INPUT FOR THIS TASK section start

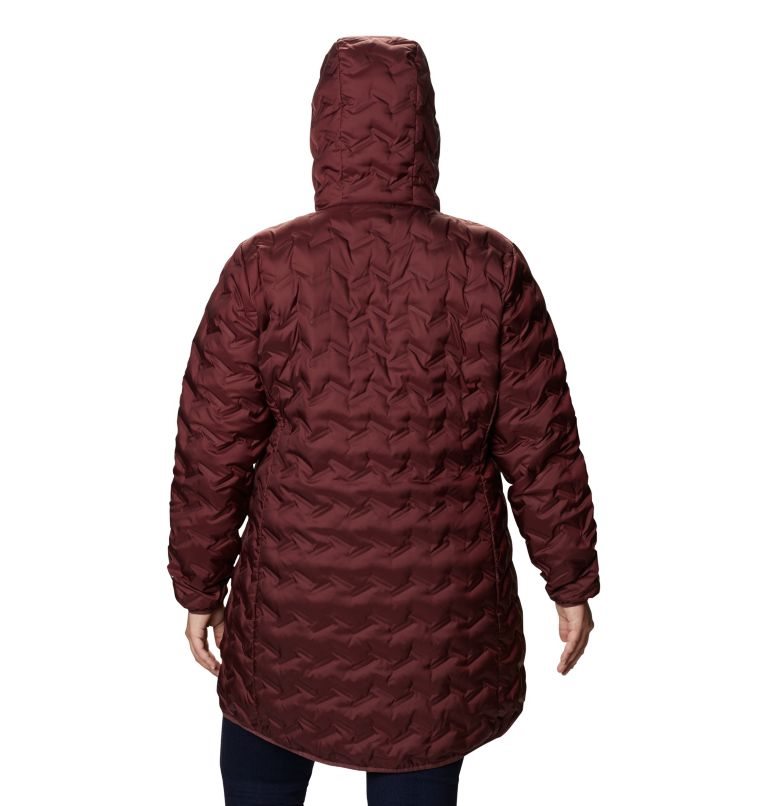 Women's Columbia Delta Ridge Long Down Jackets Burgundy | Plus Size CA-UC815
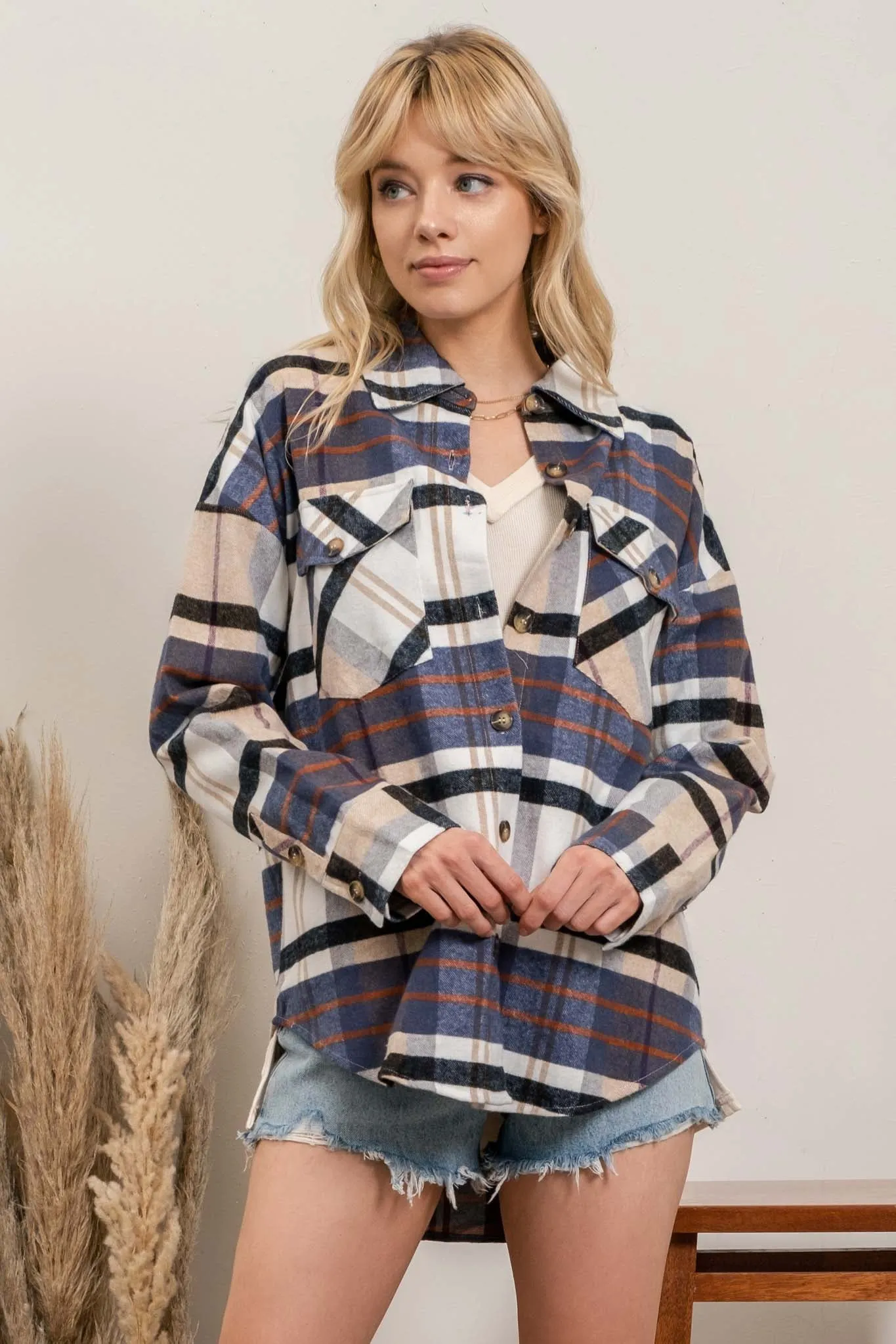 PLUS PLAID BUTTON UP LONG SLEEVE sold by Blu Pepper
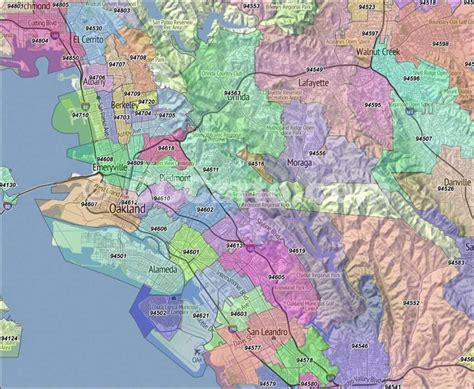 Oakland Ca Zip Codes Alameda County Zip Code Boundary Map
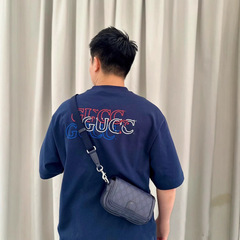 「高級ブランドクラフト」限定版新前後レタープリント半袖男女カップル純綿OS半袖Tシャツ
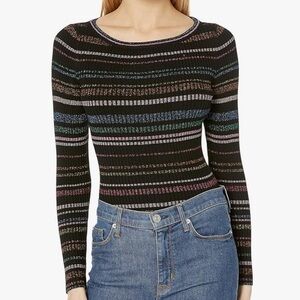 Milly metallic stripe stretchy holiday festive sweater size Small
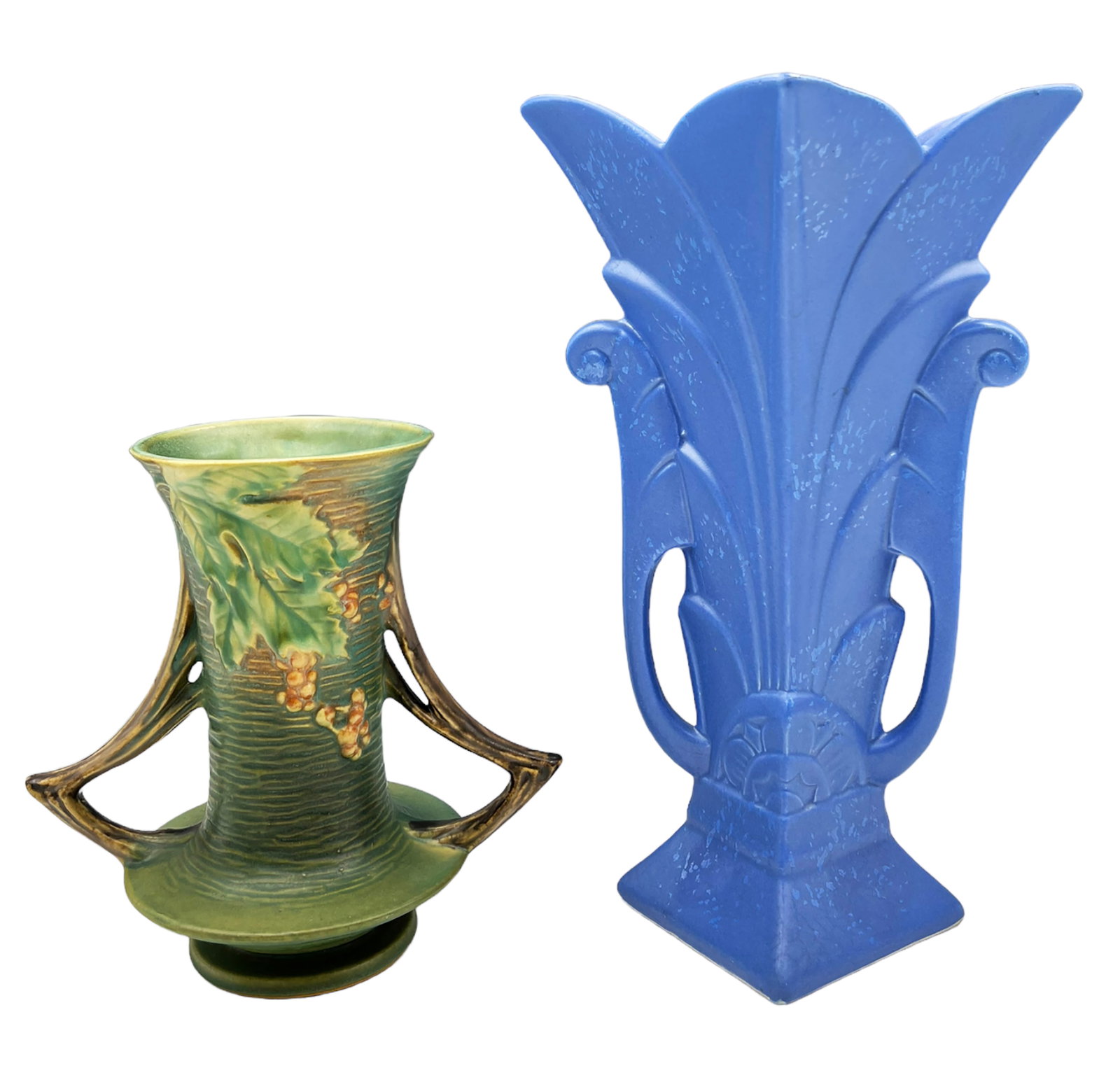 Lot of 2 Pottery Vases - Roseville, Rumrill. (1 of 7)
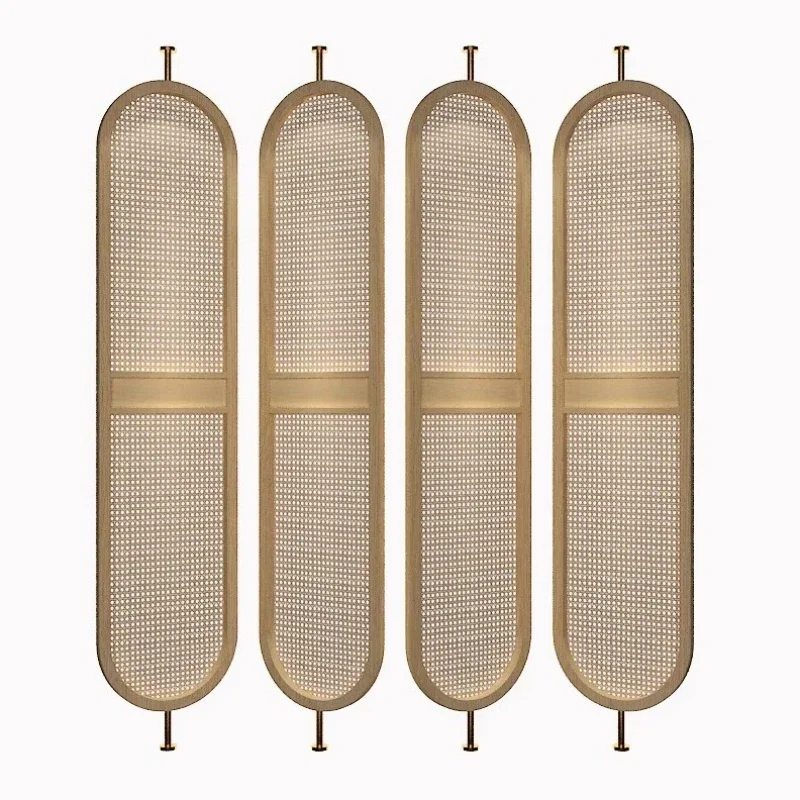 Chinese screen rattan rotating living room solid wood modern entrance home hotel study living room lobby - Dingtian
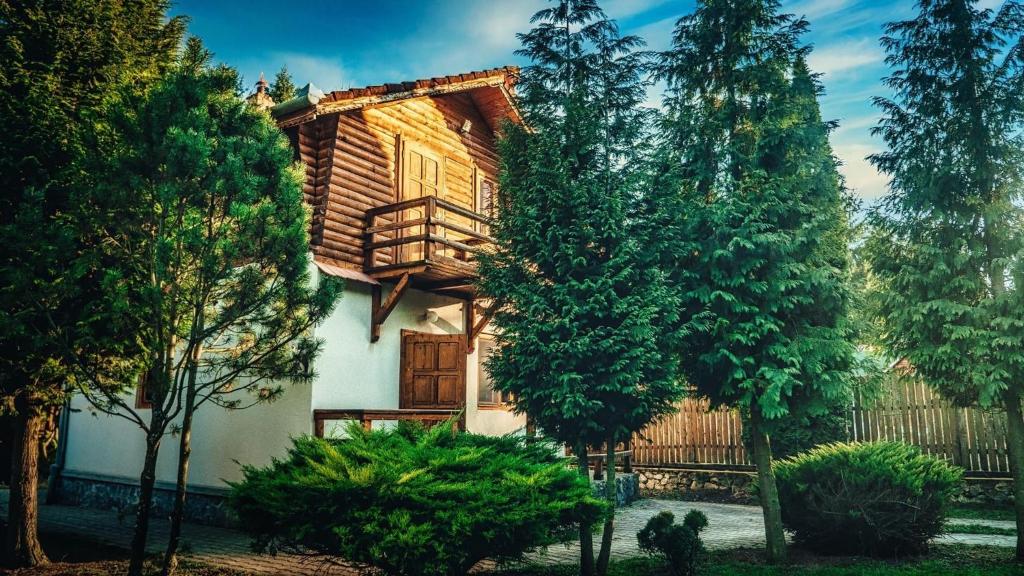 una casa con una puerta de madera y algunos árboles en Cabana dintre Brazi, en Mintia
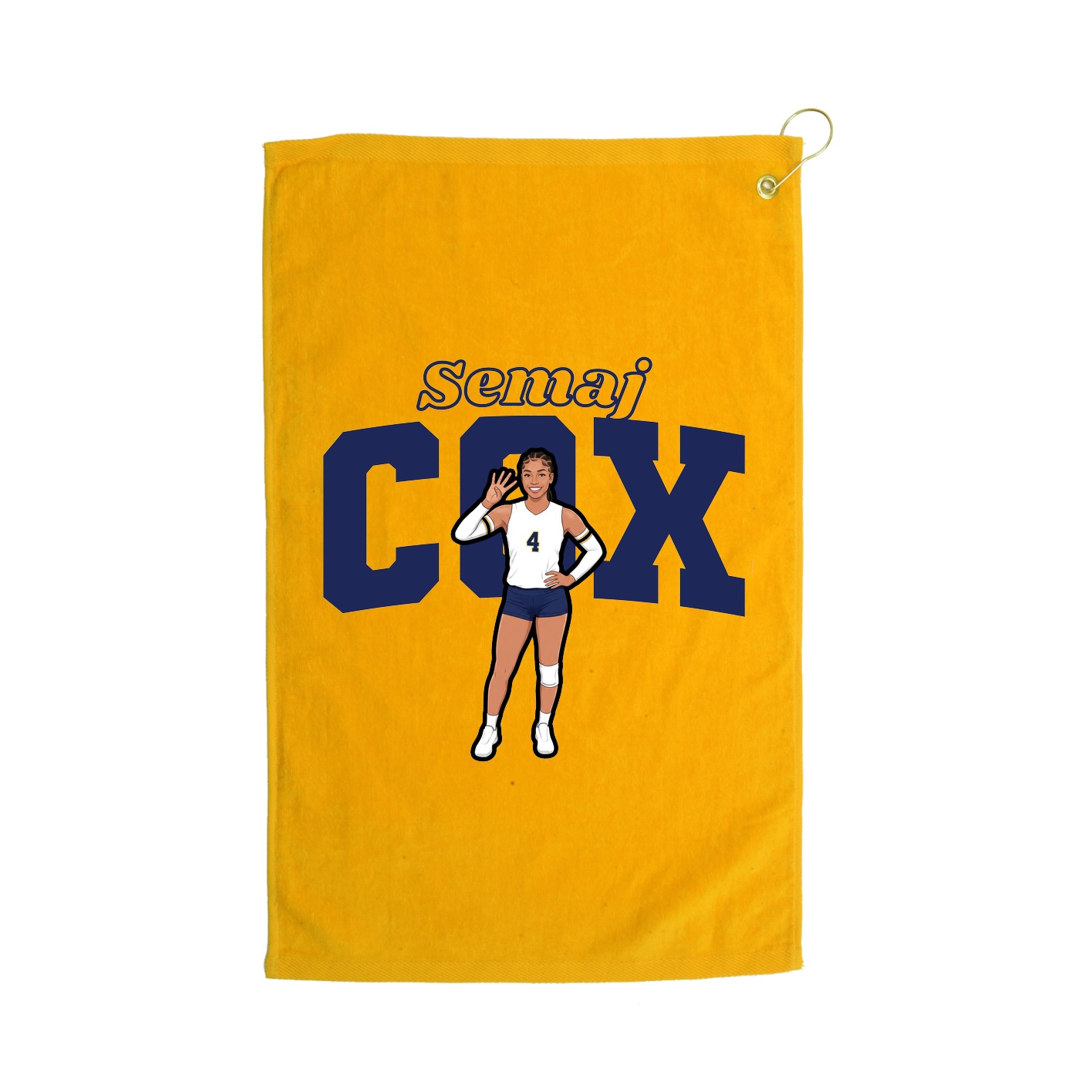 Golf Towel — Name Arch in Gold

INPUT FOR THIS TASK section end

Without the pictures, transcribe the lines from the one containing "una casa con" through the end of the data, exactly and only those.

 una casa con una puerta de madera y algunos árboles en Cabana dintre Brazi, en Mintia
 Golf Towel — Name Arch in Gold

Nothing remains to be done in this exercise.